**WHAT YOU WILL DO**
Print word for word whatever lies between the first line of the material and the line holding "Trauma and Race: A", both included, and omit all pictures.

**DATA PROVIDED**
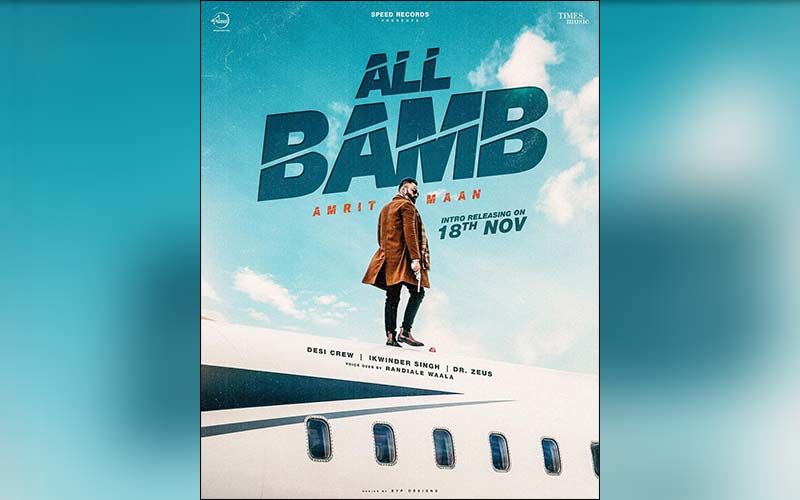 All Bamb: Amrit Maan To Release Intro Song On Nov 18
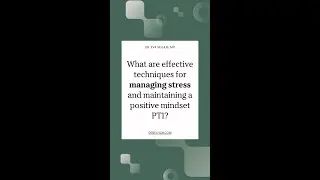 What are effective techniques for managing stress and maintaining a positive mindset PT1?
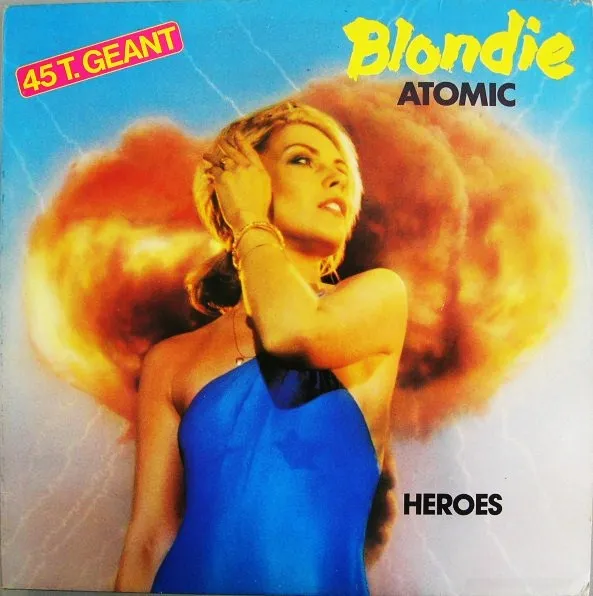 Blondie – Atomic / Heroes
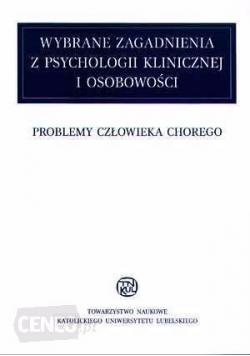 Wybrane zagadnienia z psychologii klinicznej i osobowości. Problemy człowieka chorego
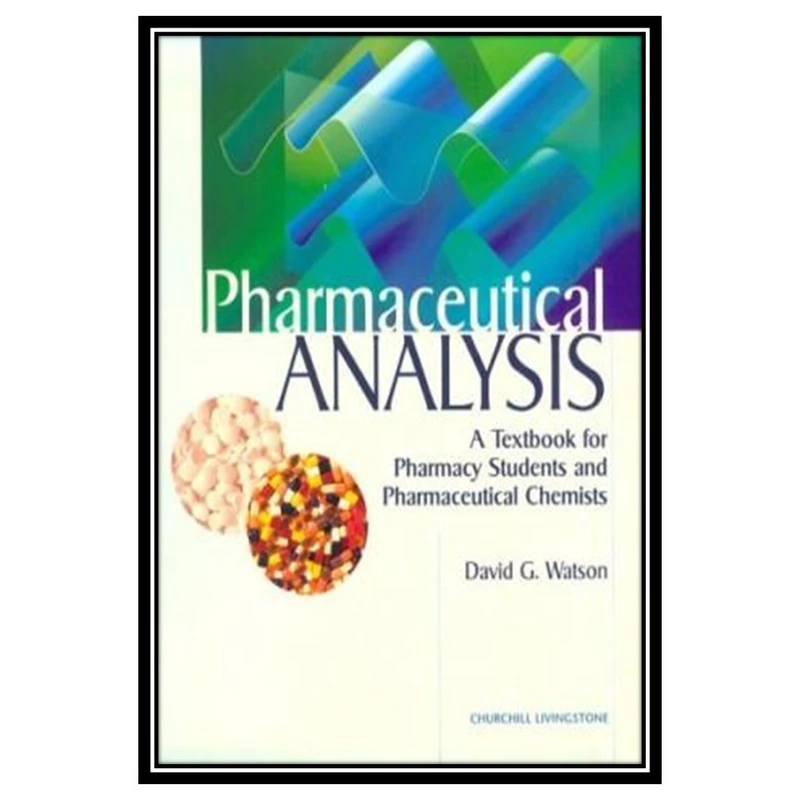 کتاب Pharmaceutical Analysis: A Textbook for Pharmacy Students and Pharmaceutical Chemists اثر David G. Watson انتشارات مؤلفین طلایی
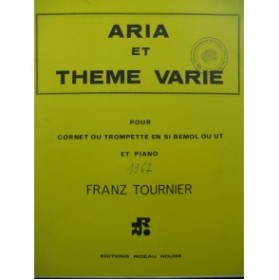 TOURNIER Franz Aria et Thème varié Piano Trompette 1967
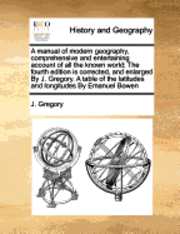 A Manual of Modern Geography, Comprehensive and Entertaining Account of All the Known World; The Fourth Edition Is Corrected, and Enlarged by J. Gregory. a Table of the Latitudes and Longitudes by 1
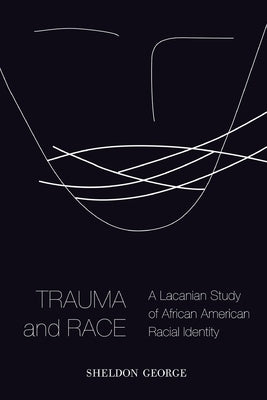 Trauma and Race: A Lacanian Study of African American Racial Identity by George, Sheldon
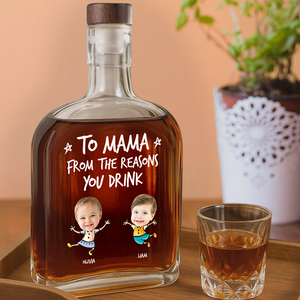 Personalized To Dad From The Reasons You Drink Whiskey Bottle CH07 896006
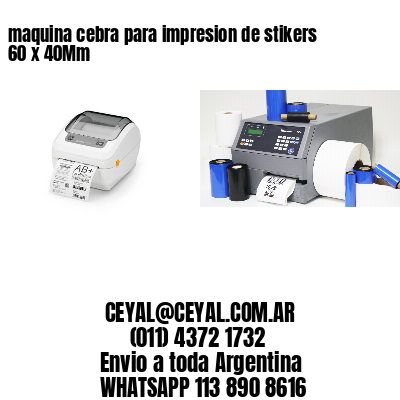maquina cebra para impresion de stikers 60 x 40Mm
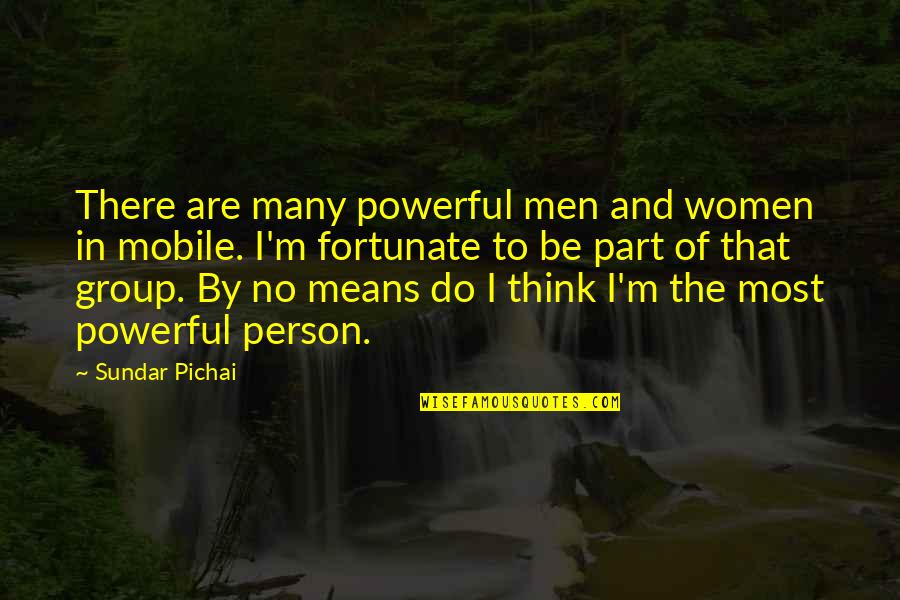 Annan Thambi Quotes By Sundar Pichai: There are many powerful men and women in Annan Thambi Quotes By Sundar Pichai: There are many powerful men and women in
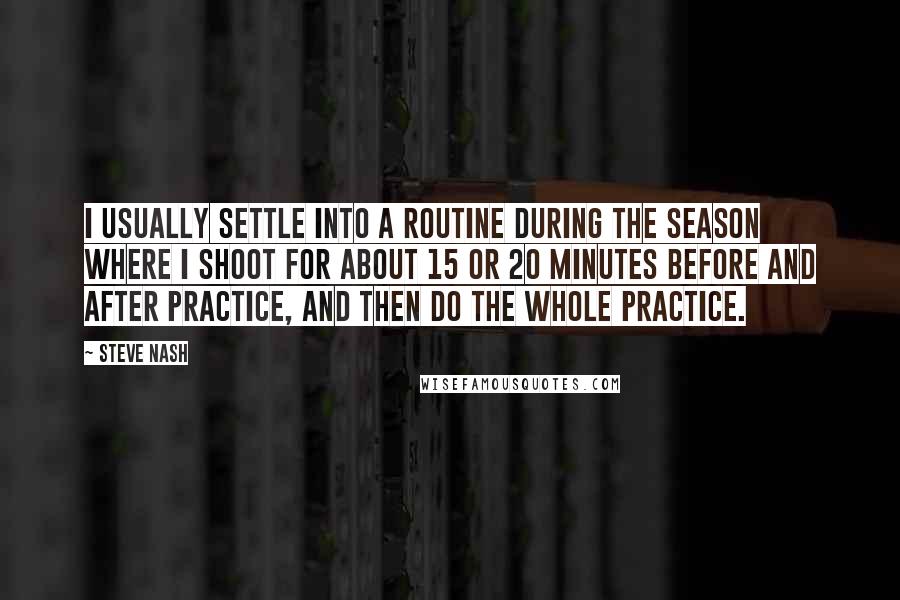 Steve Nash Quotes: I usually settle into a routine during the season where I shoot for about 15 or 20 minutes before and after practice, and then do the whole practice.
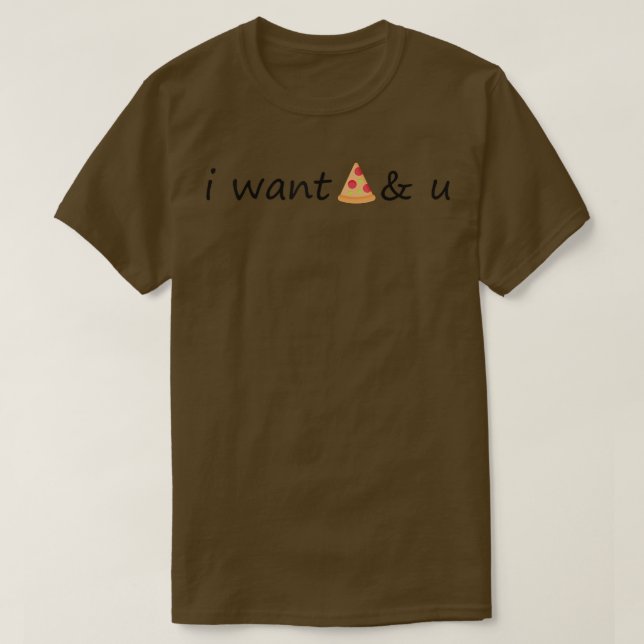 T-shirt Je Veux Pizza Et Vous Amoureux Amoureux De L'Amiti (Design devant)
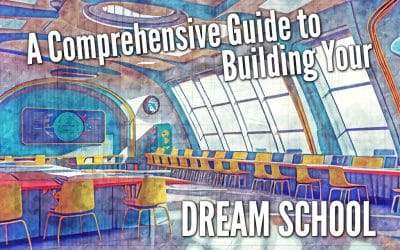 A Comprehensive Guide to Building Your Dream School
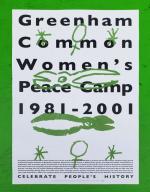 Greenham Common Women's Peace Camp 1981-2001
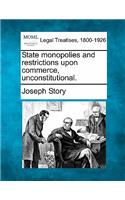State Monopolies and Restrictions Upon Commerce, Unconstitutional.: (English)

**SOLUTION**
 All Bamb: Amrit Maan To Release Intro Song On Nov 18
 What are effective techniques for managing stress and maintaining a positive mindset PT1?
 Blondie – Atomic / Heroes
 Wybrane zagadnienia z psychologii klinicznej i osobowości. Problemy człowieka chorego
 کتاب Pharmaceutical Analysis: A Textbook for Pharmacy Students and Pharmaceutical Chemists اثر David G. Watson انتشارات مؤلفین طلایی
 TOURNIER Franz Aria et Thème varié Piano Trompette 1967
 A Manual of Modern Geography, Comprehensive and Entertaining Account of All the Known World; The Fourth Edition Is Corrected, and Enlarged by J. Gregory. a Table of the Latitudes and Longitudes by 1
 Trauma and Race: A Lacanian Study of African American Racial Identity by George, Sheldon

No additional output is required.